- [What you are asked to do]
The entire listing that follows must be repeated exactly, pictures excluded.

- [Data extracts]
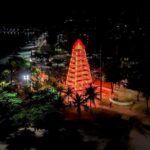 Fogueira cenográfica de 24 metros instalada na orla de Maceió se consolida como novo cartão-postal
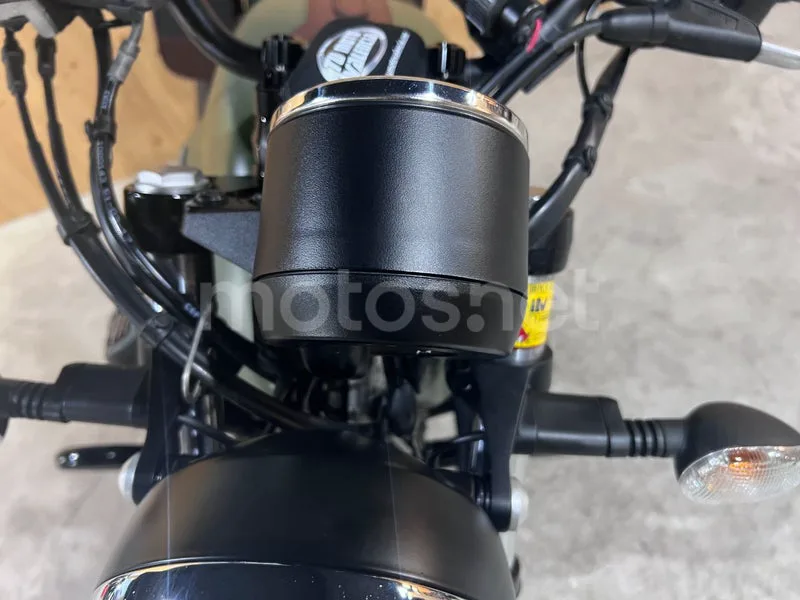Moto Guzzi V7 III - Vista 28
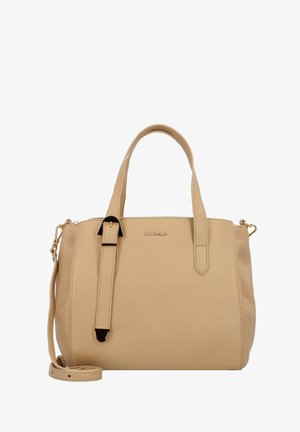 Beige leren handtas met gestructureerde vorm, dubbele handvatten, verstelbare schouderriem en hardware in goudkleur. Bevat subtiele logodetails.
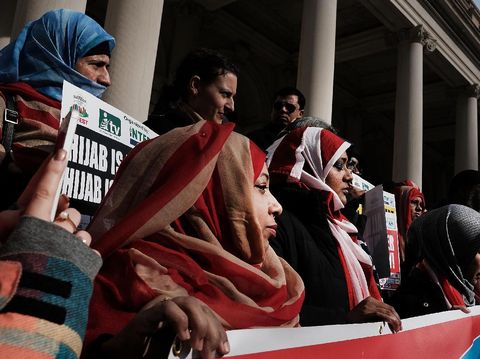 World Hijab Day, Wanita AS Pakai Hijab Gambar Bendera Amerika di New York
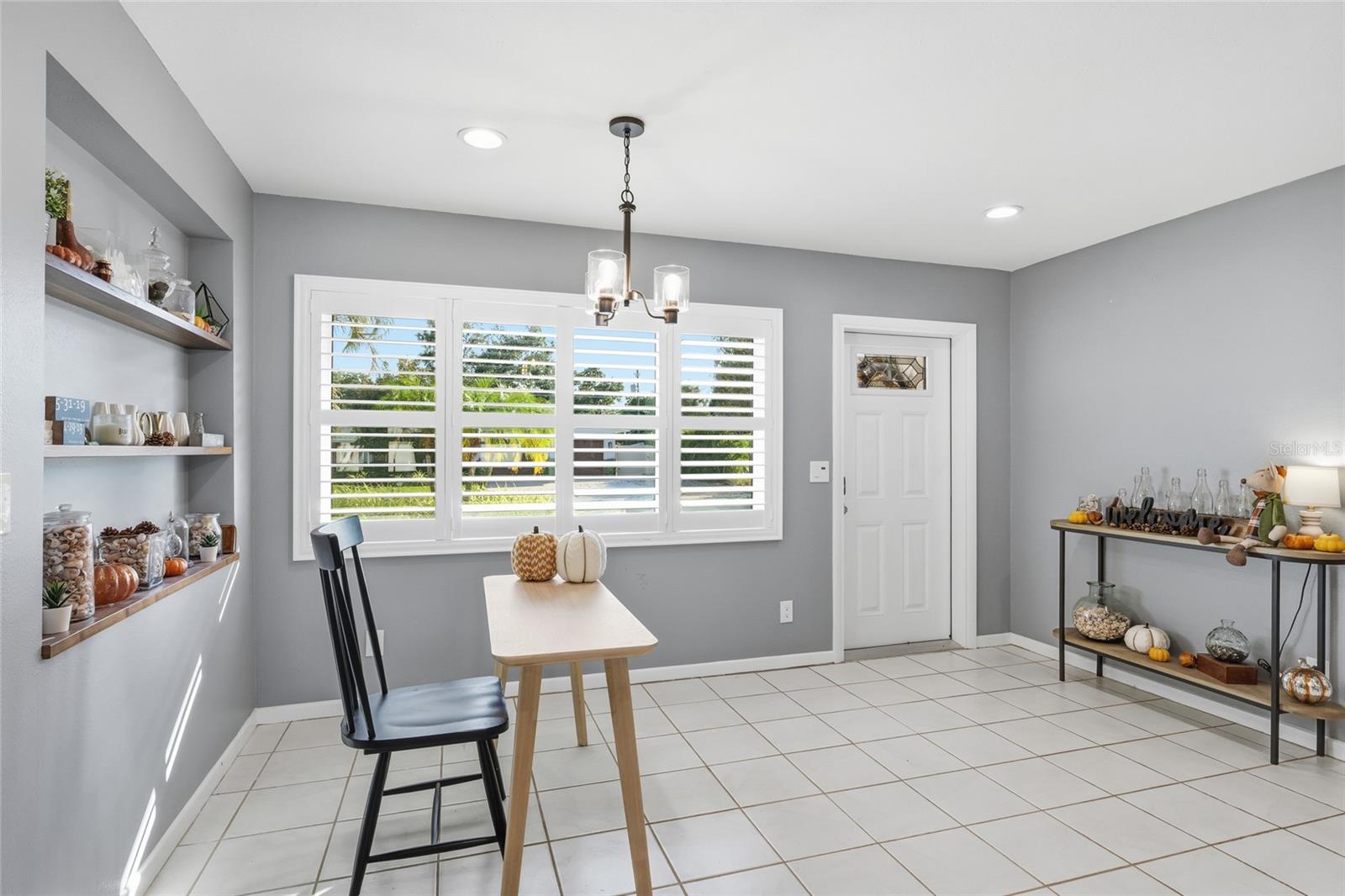 2437 CLEMATIS STREET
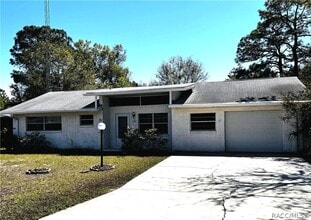 Building Photo - 1134 SE 3rd St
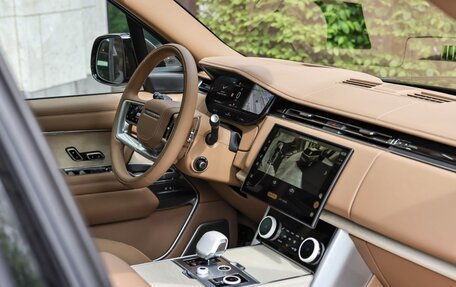 Land Rover Range Rover IV рестайлинг, 2024 год, 16 324 000 рублей, 11 фотография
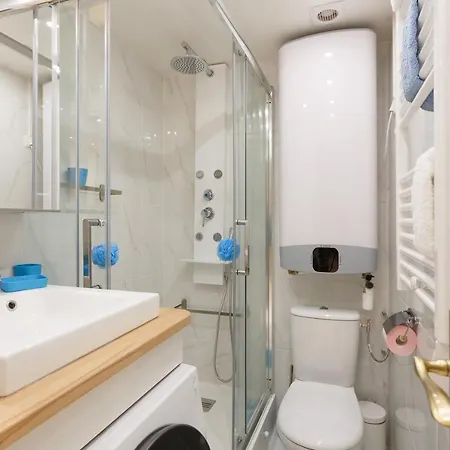 Bed and breakfast Petits Champs 4*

- [Solution to the problem]
 Fogueira cenográfica de 24 metros instalada na orla de Maceió se consolida como novo cartão-postal
Moto Guzzi V7 III - Vista 28
 Beige leren handtas met gestructureerde vorm, dubbele handvatten, verstelbare schouderriem en hardware in goudkleur. Bevat subtiele logodetails.
 World Hijab Day, Wanita AS Pakai Hijab Gambar Bendera Amerika di New York
 2437 CLEMATIS STREET
 Building Photo - 1134 SE 3rd St
 Land Rover Range Rover IV рестайлинг, 2024 год, 16 324 000 рублей, 11 фотография
 Bed and breakfast Petits Champs 4*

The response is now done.